Benitez also likes to rotate his players, although one or two escaped being left out (the Spain left winger Vicente, for example). I am not a huge fan of rotation, as you can lose team cohesion; but there was not enough cohesion under Houllier for my liking even without rotation - the understanding wasn't evident, however you looked at it. A small-to-medium amount of rotation can work well. In 2000/01, GH rotated most of the attacking players (strikers and midfielders) to keep them fresh. I'm not a fan of leaving out players who've just had great games, as they tend to lose their momentum. GH left out strikers after they scored hat-tricks, and I do find that bizarre, as it just dents their confidence; at times it can be better to have an average striker full of confidence than a top one totally lacking it. Claudio Ranieri made too many changes to his teams at Chelsea; his best three players last season were Lampard, Terry and Bridge - the only three who played all season. The benefit of rotation - if done correctly - is that it keeps people on their toes.

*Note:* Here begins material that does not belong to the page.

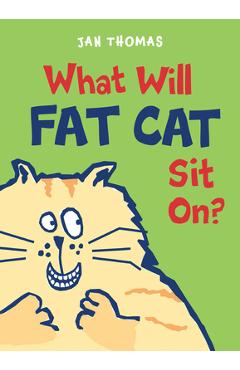 What Will Fat Cat Sit On? - Jan Thomas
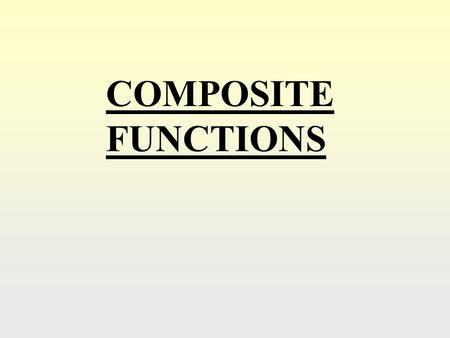 COMPOSITE FUNCTIONS. The composite function: fg means… Apply the rule for g, then, apply the rule for f. So, if f(x) = x 2 and g(x) = 3x + 1 Then fg(2)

However, a strong squad can do that too (although, of course you need to keep them happy, so they will need games).

The problem GH had in later years was that he no longer had the players to rotate; or even rest his key men when they needed it. Could you rest Gerrard for Diao? Owen for the out-of-sorts Heskey? Would you opt for Cheyrou ahead of Kewell? There was simply no competition for places. You wouldn't want to rotate Gerrard, but there will be times he could use a rest.

The best thing about Benitez is that he likes to attack as a team and defend as a team. Under GH, we defended as a team, but attacked as a couple of individuals chasing a long ball (not always, but too often). I recall applauding off the Valencia side that won 1-0 at Anfield in the Champions League a couple of years ago - I'm not sure if people watching on TV could get the full sense of their movement off-the-ball, and the way they outbattled, out-run and out-passed us. They were the perfect team - eleven men playing together, with spirit and (crucially) understanding. Michael Owen believes they are the best team he has faced, and it's easy to see why. Steven Gerrard will feel exactly the same, I can assure you. They will both be hugely excited by his arrival; and Cisse will have been delighted to read (if he didn't know before) Guy Roux's comments that Benitez is a big fan of the young French striker. On top of this, Benitez's track record this millennium, coupled with Liverpool's reputation, will help attract top quality players to Anfield.

Overtaking Arsenal, Man U and Chelsea will not be easy - especially as they will all strengthen too. But as long as we are close to being on a par with them, then we will stand a chance of winning the title. Arsenal could have lost NINE games they actually won last season, and still finished above us; we were not even close to being in a position to capitalise on the top clubs slipping up. Benitez can get us challenging again; and that is why he is the best man. The next few years promise to be hugely exciting, and hopefully we will add some significant silverware on the journey.